Les enjeux pour ces deux personnage sont donc de taille et aucun n’a réellement envie de passer en procès. Ils sont, et nous le voyons bien dans le film, victimes de leur propre bêtise. Tout s’est fait beaucoup trop vite. Aucun ne veut « faire des histoires », bien qu’il y ait une rancœur visible du côté de Toni. Cela ne sous-entend pas, pour autant, qu’il souhaite rentrer en conflit public avec Yasser. Tout cela est bien trop fatiguant et prenant (financièrement) pour les deux personnages.
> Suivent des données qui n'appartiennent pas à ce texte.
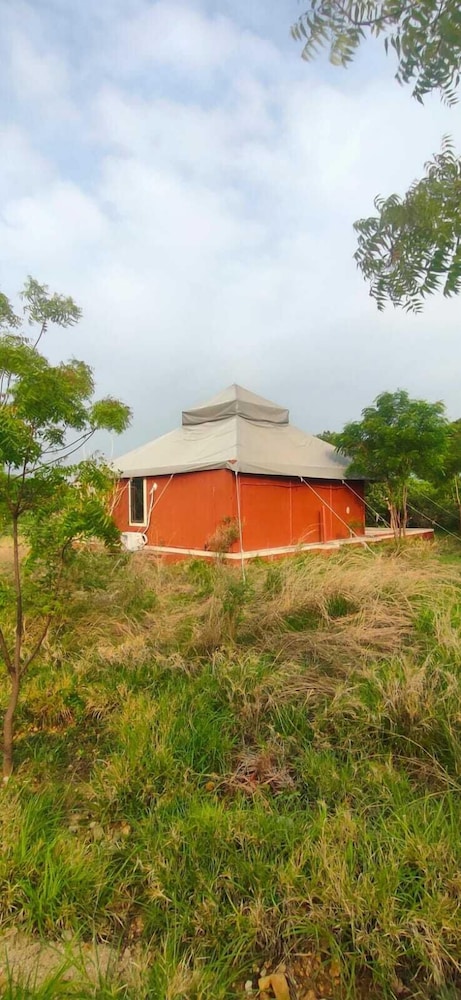 kross adventure campsite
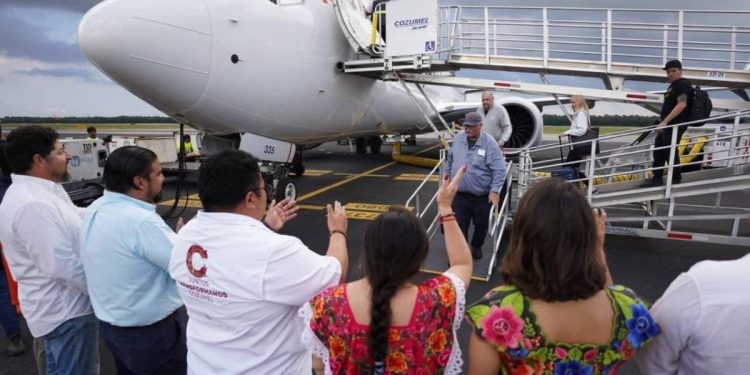 Vuelo Cargary Cozumel fortalece la conectividad aerea y el turismo canadiense en la isla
Le patron de Yasser est le médiateur car il connaît les enjeux et il sait que le palestinien risque d’être condamné et de perdre son travail, c’est ce qui va arriver. Il faut toujours un médiateur dans ce type de circonstances.

 

Les femmes endossent un rôle de médiatrices dans le film

Dans l’Insulte, les femmes ne prennent pas directement part au conflit, mais elles sont, malgré elles, concernées par ce dernier. La femme de Toni, enceinte, est aussi très jeune. Ces histoires politiques la dépassent et elle ne comprend pas que cela puisse arriver aussi pour une simple joute verbale. Seulement, il ne s’agit pas que de cela ; et cela, elle ne peut pas le deviner si son mari ne lui dévoile pas l’origine de toute cette animosité qui le dévore. Il semble presque, et surtout la femme de Toni, qu’elles n’ont vraiment le temps de prendre part à un tel conflit qui leur semble si éloigné de leur époque, finalement.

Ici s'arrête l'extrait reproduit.